◆ The task
Starting at the top of the entries, restate word for word each line up to and including the one with "A bright, spacious".

Records contained in a dataset:
▬▬▬▬▬▬▬▬▬▬

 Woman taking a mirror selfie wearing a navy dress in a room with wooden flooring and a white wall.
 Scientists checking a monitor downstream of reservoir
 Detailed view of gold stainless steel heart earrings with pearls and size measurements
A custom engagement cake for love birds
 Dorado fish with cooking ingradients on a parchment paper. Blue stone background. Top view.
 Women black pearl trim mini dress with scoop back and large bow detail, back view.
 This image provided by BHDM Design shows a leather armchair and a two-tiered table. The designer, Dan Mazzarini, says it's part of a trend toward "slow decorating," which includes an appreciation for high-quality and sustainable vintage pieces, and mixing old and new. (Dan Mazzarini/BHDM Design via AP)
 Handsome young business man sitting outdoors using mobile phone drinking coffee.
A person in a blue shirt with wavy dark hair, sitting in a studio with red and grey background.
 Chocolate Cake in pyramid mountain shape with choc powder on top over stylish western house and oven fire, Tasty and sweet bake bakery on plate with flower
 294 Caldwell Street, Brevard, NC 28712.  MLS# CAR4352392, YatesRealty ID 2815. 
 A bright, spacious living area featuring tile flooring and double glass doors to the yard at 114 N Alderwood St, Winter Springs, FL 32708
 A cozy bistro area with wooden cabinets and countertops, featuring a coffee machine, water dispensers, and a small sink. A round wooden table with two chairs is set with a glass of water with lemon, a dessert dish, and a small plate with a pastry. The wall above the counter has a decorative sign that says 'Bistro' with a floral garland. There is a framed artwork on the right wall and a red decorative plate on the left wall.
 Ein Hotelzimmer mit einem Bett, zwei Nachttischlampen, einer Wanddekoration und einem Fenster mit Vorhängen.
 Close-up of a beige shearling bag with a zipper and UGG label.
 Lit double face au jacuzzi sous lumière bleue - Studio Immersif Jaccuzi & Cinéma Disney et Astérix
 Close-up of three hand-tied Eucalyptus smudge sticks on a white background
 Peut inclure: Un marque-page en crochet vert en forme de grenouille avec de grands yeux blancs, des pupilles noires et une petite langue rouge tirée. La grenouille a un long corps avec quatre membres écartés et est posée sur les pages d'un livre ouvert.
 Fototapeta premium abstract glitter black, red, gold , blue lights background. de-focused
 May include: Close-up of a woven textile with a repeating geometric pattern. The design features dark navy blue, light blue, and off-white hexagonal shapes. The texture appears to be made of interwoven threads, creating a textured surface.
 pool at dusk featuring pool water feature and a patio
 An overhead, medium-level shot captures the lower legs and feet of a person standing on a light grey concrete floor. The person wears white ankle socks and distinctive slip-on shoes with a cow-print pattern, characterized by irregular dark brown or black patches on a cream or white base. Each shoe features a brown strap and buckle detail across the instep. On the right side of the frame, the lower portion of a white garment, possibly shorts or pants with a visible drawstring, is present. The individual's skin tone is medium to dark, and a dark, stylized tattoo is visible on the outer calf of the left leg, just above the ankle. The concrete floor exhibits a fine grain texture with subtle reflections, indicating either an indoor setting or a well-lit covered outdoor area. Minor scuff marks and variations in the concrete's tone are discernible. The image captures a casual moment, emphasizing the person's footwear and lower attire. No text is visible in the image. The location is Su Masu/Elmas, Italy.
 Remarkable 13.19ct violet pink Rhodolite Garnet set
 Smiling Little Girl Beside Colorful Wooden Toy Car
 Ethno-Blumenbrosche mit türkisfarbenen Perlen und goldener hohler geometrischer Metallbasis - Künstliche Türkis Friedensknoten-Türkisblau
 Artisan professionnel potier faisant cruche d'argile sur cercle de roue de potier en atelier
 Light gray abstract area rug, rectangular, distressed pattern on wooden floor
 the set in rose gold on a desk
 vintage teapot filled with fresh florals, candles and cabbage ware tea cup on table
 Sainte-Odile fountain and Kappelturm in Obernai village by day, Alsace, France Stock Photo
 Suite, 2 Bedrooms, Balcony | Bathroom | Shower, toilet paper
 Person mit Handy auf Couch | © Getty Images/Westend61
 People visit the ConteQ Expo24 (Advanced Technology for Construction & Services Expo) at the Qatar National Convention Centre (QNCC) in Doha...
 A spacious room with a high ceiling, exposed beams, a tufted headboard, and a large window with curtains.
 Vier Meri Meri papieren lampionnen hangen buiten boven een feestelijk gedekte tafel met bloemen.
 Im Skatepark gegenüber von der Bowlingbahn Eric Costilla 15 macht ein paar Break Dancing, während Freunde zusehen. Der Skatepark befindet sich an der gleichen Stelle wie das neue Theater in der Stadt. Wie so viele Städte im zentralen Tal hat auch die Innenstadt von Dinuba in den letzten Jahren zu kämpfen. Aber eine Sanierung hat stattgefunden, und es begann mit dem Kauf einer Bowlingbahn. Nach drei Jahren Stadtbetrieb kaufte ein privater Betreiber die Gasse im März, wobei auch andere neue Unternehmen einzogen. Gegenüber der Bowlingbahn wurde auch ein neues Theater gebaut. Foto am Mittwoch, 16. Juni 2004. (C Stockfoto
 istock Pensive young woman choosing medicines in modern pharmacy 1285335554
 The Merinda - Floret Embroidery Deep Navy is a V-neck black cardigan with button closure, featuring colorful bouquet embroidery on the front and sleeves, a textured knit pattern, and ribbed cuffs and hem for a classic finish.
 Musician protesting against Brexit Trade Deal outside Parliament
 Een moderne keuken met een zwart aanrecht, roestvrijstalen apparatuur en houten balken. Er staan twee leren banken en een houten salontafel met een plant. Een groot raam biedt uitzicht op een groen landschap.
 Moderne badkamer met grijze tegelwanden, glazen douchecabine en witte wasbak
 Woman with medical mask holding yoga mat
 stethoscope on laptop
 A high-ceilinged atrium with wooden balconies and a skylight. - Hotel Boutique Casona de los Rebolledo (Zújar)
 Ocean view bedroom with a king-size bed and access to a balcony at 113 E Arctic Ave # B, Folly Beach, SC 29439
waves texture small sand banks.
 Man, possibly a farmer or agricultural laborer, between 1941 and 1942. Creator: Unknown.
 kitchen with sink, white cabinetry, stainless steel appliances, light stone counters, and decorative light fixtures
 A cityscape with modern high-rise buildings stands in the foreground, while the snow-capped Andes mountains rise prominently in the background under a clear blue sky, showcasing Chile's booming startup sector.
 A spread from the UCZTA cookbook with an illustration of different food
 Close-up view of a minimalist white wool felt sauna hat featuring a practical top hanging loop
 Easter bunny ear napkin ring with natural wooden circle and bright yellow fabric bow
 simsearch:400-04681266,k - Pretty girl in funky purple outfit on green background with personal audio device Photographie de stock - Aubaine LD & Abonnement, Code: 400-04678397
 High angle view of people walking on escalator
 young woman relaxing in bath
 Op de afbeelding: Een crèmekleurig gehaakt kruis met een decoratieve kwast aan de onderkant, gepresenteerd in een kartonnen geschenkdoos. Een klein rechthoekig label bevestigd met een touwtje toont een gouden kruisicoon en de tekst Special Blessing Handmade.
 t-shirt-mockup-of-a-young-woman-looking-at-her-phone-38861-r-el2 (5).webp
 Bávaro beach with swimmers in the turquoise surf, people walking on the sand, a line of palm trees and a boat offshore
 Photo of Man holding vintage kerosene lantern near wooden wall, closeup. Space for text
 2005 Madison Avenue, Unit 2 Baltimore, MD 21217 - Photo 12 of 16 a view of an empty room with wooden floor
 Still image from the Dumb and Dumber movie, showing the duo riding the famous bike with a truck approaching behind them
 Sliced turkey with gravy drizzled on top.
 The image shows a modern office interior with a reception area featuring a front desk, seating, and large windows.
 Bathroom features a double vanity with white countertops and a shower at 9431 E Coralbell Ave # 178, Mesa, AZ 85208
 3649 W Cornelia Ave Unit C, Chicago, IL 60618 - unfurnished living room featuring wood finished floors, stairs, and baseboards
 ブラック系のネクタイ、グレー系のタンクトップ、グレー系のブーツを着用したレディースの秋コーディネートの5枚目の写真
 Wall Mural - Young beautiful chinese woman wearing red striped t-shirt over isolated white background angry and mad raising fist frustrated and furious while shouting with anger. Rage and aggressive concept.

▬▬▬▬▬▬▬▬▬▬

◆ Response to this exercise
 Woman taking a mirror selfie wearing a navy dress in a room with wooden flooring and a white wall.
 Scientists checking a monitor downstream of reservoir
 Detailed view of gold stainless steel heart earrings with pearls and size measurements
A custom engagement cake for love birds
 Dorado fish with cooking ingradients on a parchment paper. Blue stone background. Top view.
 Women black pearl trim mini dress with scoop back and large bow detail, back view.
 This image provided by BHDM Design shows a leather armchair and a two-tiered table. The designer, Dan Mazzarini, says it's part of a trend toward "slow decorating," which includes an appreciation for high-quality and sustainable vintage pieces, and mixing old and new. (Dan Mazzarini/BHDM Design via AP)
 Handsome young business man sitting outdoors using mobile phone drinking coffee.
A person in a blue shirt with wavy dark hair, sitting in a studio with red and grey background.
 Chocolate Cake in pyramid mountain shape with choc powder on top over stylish western house and oven fire, Tasty and sweet bake bakery on plate with flower
 294 Caldwell Street, Brevard, NC 28712.  MLS# CAR4352392, YatesRealty ID 2815. 
 A bright, spacious living area featuring tile flooring and double glass doors to the yard at 114 N Alderwood St, Winter Springs, FL 32708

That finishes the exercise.